9 March 2019 – Tararua Mountain Race – 36 km / 2,300 m
One of the classics of the New Zealand calendar, the TMR is a fantastic community-run event. It crosses the rugged Tararua range just north of Wellington. The route is a point to point – the mighty Southern Crossing. It’s a multi-day walk or a long run, with a decent tussocky exposed section above 1,200m. A couple of years ago we had a strong northerly wind and hail in our eyeballs, so there was much to look forward to. Fortunately we had a better day this time, but lots of rain in the run-up made sure the track was suitably rutted and slippery.

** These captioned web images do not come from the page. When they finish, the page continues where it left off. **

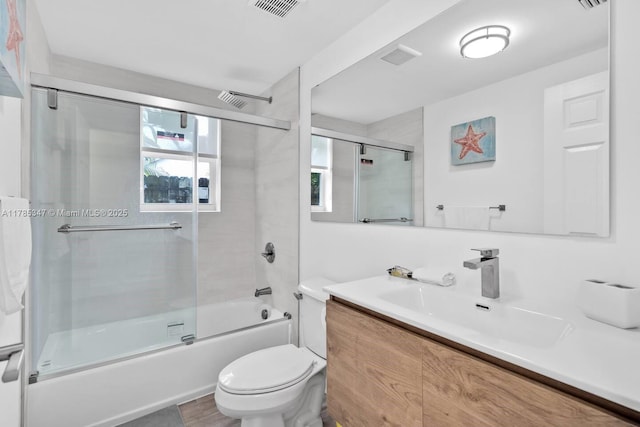full bathroom with vanity, enclosed tub / shower combo, visible vents, and toilet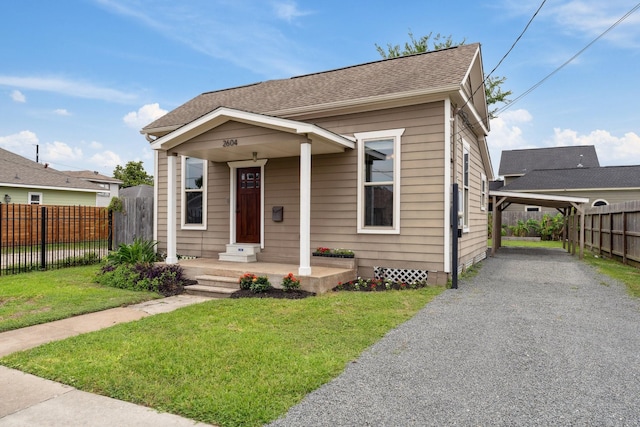2604 Cochran St, Houston, TX 77009 - bungalow featuring a carport, gravel driveway, and a shingled roof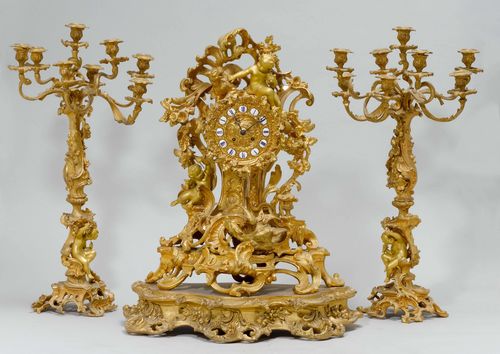 MANTEL SET, Napoléon III, France. Bronze, parcel-gilt. Comprising: clock and 2 candelabras. Open-worked design with rocailles, dragons, putti and flowers. Dial in relief with enamel cartouches. Parisian movement striking the 1/2-hour on bell. H without wooden plinth 60 cm. The candelabras with 8 curved light branches on a baluster shaft and with an open-worked base. H 72 cm.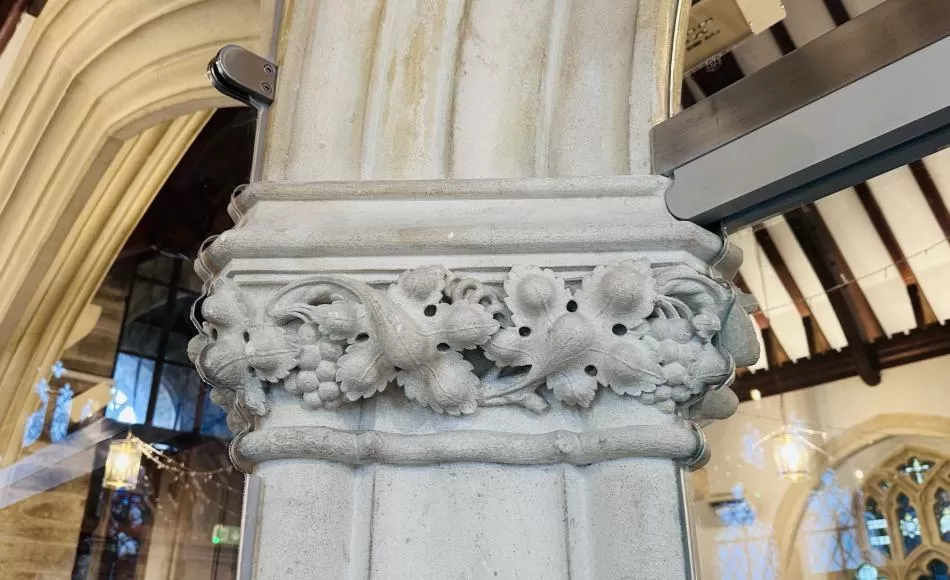 The glass was carefully cut to fit around the capital 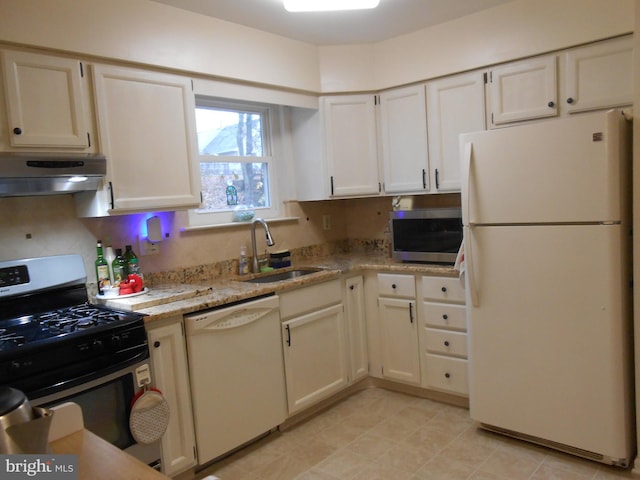 603 Bloomfield Dr, Westampton, NJ 08060 - kitchen with appliances with stainless steel finishes, under cabinet range hood, a sink, white cabinets, and light stone countertops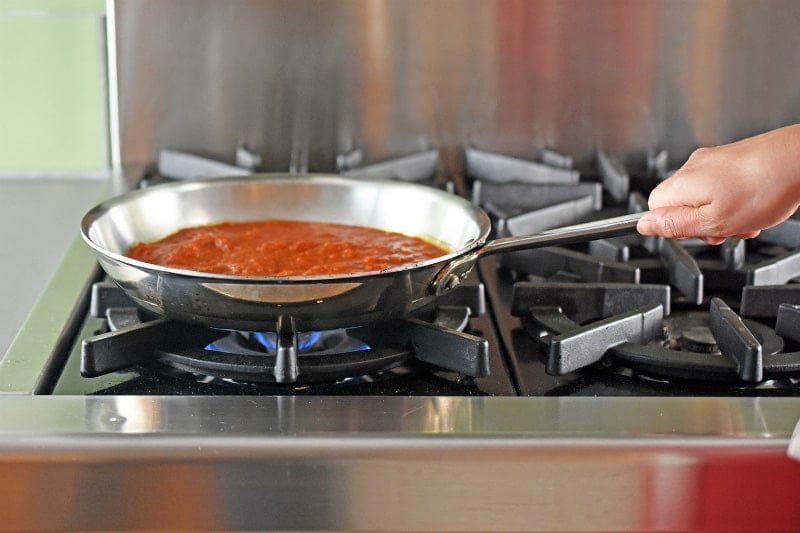 A side view of marinara sauce heating up in stainless steel skillet.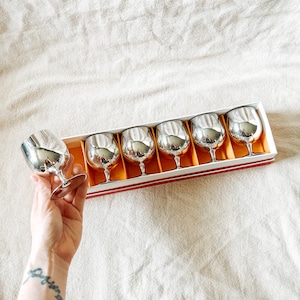 May include: A set of six silver-colored brandy snifters in a red and white box with an orange interior. One glass is held by a hand. The glasses have a rounded bowl and a short stem. The box is on a white surface.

With some runners taking over ten hours, the start is staggered in half hour waves. So the first challenge is trading off an extra hour in bed with the need to keep up with a later but faster starting group, unless you want to be running on your own. The first half of the race is a seemingly endless slog up the wooded, infamous and interminable Marchant Ridge. With wet slippery tree roots and seas of bog, Marchant is the place people will go to get water when global warming turns the rest of New Zealand into a barren desert. For an added bonus you get climbs with a compacted clay surface and a thin film of grease. Great in a pan with sausages but not much use on a mountain run.
I set off with ten or so others in the second to last wave aiming to avoid being caught by the fastest pack starting 30 min later and if possible keep the vet trophy from last year. As the rain stopped and the mist lifted I held on to the leading pair in my wave, feeling good. Target one was Alpha Hut, about 17km in and the first checkpoint. As well as the comfort of water, friendly marshals and sweets of a colour unknown to science, getting to Alpha means the end of Marchant. By that point I was suffering. Physically and mentally I couldn’t seem to get into race mode. Martin McCrudden and Joe Fowler had long since disappeared by the time I got there.
Breaking the bushline after the hut brought the fabulous views I’d missed in the last two years. The sort that make you want to sit down with a cup of tea and a cake. It was also clear that while the weather was good, the track was bad. Maybe it was a mild winter, maybe rain in the week, or maybe the marshals going over with several tonnes of fertiliser and a digger, but the 8k over peaks, saddles, ridges and tarns was thick with vegetation and potholes. Low on energy, I had to resort to scoffing a chewy fruity minty mass of Soreen and Kendal mint cake. It’s probably a good mix for putting in bathroom tiles but when I eventually got it down it worked wonders. By this time I was overtaking earlier starters and by the time I was over the peaks of Atkinson and the Beehives I was feeling a lot stronger.
Arriving at the misty 1,529m summit of Mount Hector was a high point. “It’s about a k to the hut…all downhill from here…” I was told by the stalwart marshals, who’d no doubt gone in the night before and had many cold hours both behind and ahead of them. What they actually meant was “about a mile over gnarly rock and tussock, and mostly downhill apart from Field Peak and Hut Mound and that funny bit round Dennan that doesn’t really look bad on the map but is definitely a climb…” Anyway, by this point I was running better, and chapeau to anyone who sits on a windy hill to make the TMR happen.
Kime Hut was the next checkpoint. Again, lots of helpful marshals, including Chris Martin, who spends as much time devising names for races like the Aorangi Undulator, Mukamuka Munter as he does organising them. At Kime I finally spied the chance to bag a race position, but was also expecting to see Chris Swallow breeze past at any moment with the race leaders. Detaching the last residue of Soreen from my teeth I managed to stay ahead over the 11km / 1,250m descent to the finish at Otaki Forks and the waiting barbecue. It was a long way for a sausage, but a top day out on the hills.